» Exercise goal:
Could you copy exactly the lines below from the one with "Preistrend fr Microsoft" to the one with "键和花键的公差配合.ppt_第3页", inclusive, leaving out any pictures?

» Records shown:
= = = =

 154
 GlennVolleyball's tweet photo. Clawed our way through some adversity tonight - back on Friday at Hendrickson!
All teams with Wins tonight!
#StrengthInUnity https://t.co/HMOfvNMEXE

= = = =

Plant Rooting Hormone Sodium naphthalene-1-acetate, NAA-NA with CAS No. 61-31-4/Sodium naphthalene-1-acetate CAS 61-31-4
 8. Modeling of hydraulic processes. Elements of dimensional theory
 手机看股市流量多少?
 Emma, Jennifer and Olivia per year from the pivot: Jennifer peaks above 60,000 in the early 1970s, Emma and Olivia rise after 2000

= = = =

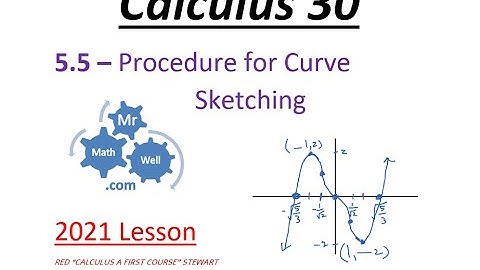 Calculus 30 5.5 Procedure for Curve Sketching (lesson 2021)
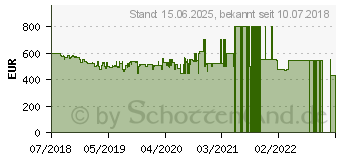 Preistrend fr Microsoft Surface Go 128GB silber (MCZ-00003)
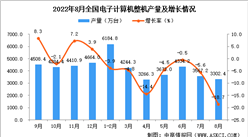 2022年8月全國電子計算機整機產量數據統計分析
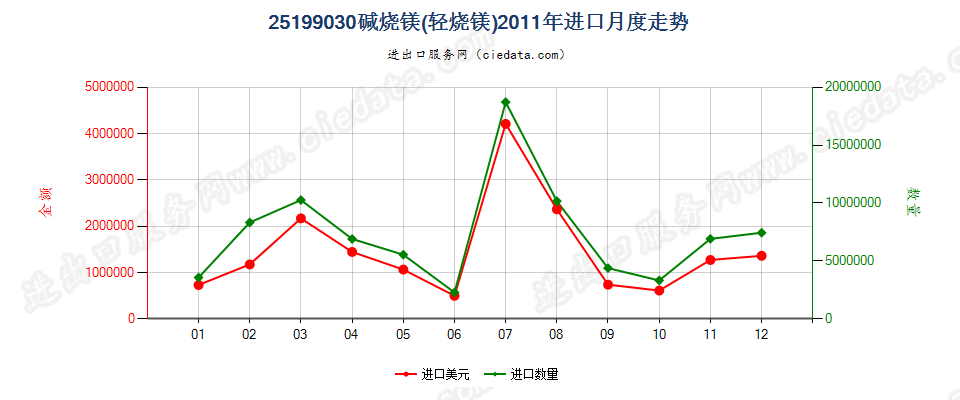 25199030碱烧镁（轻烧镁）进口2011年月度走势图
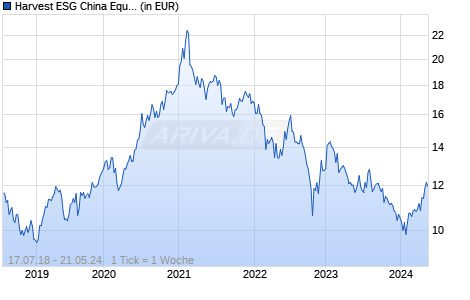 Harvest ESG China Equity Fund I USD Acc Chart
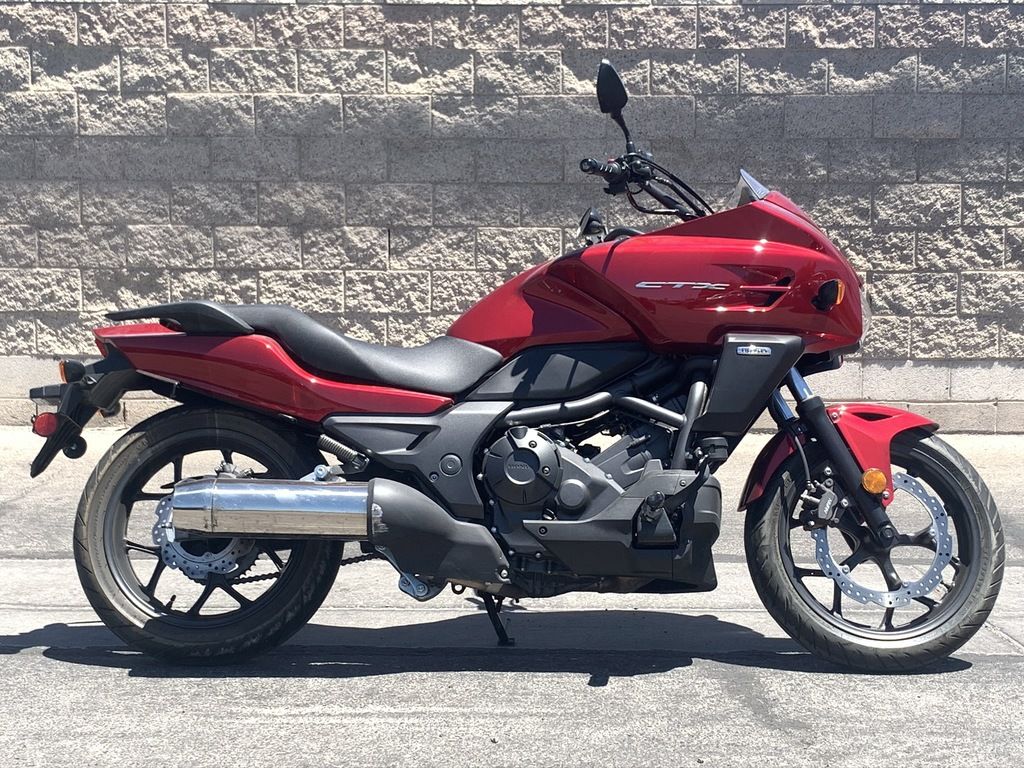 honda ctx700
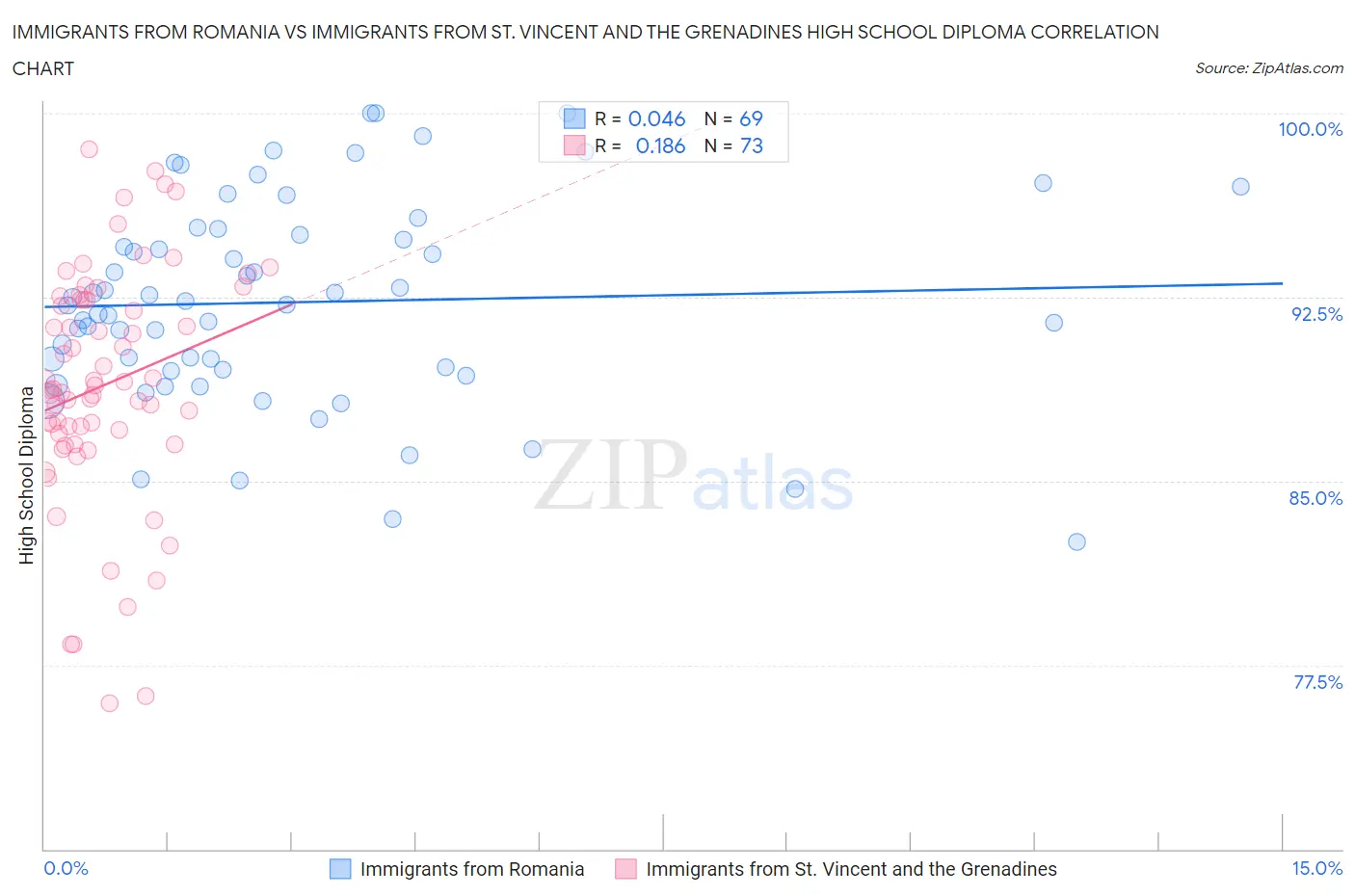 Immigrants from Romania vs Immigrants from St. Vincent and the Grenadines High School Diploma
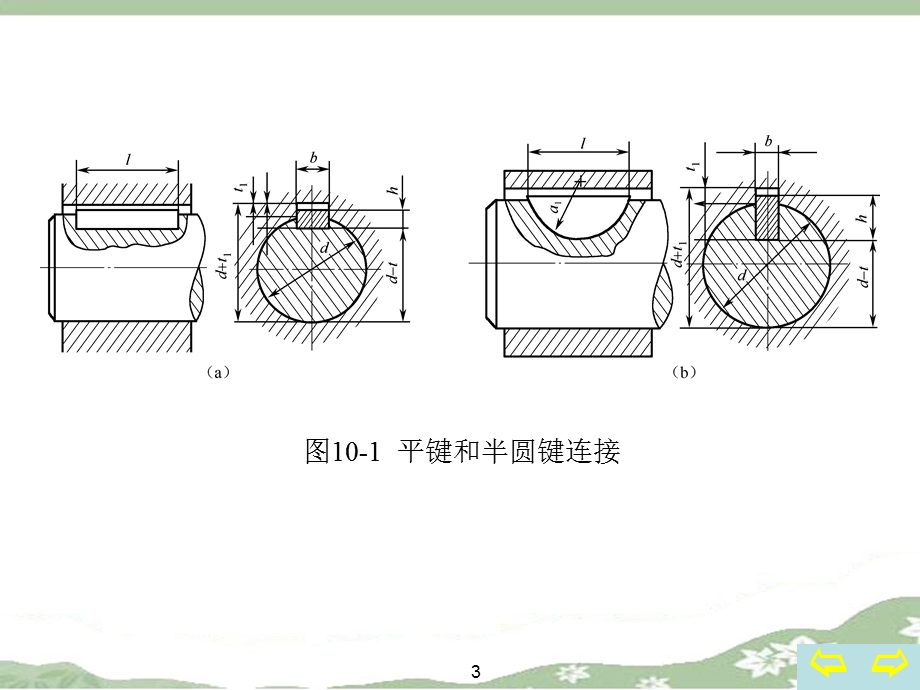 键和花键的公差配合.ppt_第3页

= = = =

» Answer to the problem:
 Preistrend fr Microsoft Surface Go 128GB silber (MCZ-00003)
 2022年8月全國電子計算機整機產量數據統計分析
 25199030碱烧镁（轻烧镁）进口2011年月度走势图
 Harvest ESG China Equity Fund I USD Acc Chart
 honda ctx700
 Immigrants from Romania vs Immigrants from St. Vincent and the Grenadines High School Diploma
 键和花键的公差配合.ppt_第3页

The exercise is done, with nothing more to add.